Succot has become a time for the holding of debates concerning religious-secular relationships in Israel.

The “Open Succa” has developed as a place where people of different religious persuasions come together to discuss and exchange ideas and seek ways of creating ways of living together in a rapidly changing society. This is seen as a necessary alternative to the continued lip service paid to an outdated notion of the status quo – which is good for politicians but meaningless for the people in their daily lives.

We should think about extending the idea of the “Open Succah” to a wide range of issues facing society.

We should encourage political parties to use Succot as a uniquely Israeli time for holding the “big” debates which relate to civil society. We could create large succas in the center of towns, invite the party leaders to present their visions, and dilemmas concerning society and, just for a change, listen to what the public has to say – not as a means of garnering votes or scoring points, but in order to listen to what really concerns society in their daily lives, beyond the issues of peace and security.

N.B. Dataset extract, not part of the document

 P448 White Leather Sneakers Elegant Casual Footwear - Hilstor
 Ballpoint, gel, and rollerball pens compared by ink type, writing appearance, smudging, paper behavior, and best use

We should also insist that our political parties take on a life between elections, and not just in the six months leading up to the polling booth. We require political parties which develop real policies and use the time periods between elections to debate, discuss and to consolidate. We want to know that we have politicians who have spent time thinking about the issues of social and economic concern, and have at least made an attempt to involve the thinking public in their concerns and their dilemmas.

This may result in more young people becoming interested in politics, rather than the growing apathy and disenchantment which they display in recent years – a very unhealthy trend for any democracy.

We seek meaning to our politics. Succot is as good a time as any to start.

The writer is dean of the faculty of Humanities and Social Sciences at Ben-Gurion University and editor of the International Journal of Geopolitics, the views expressed are his alone.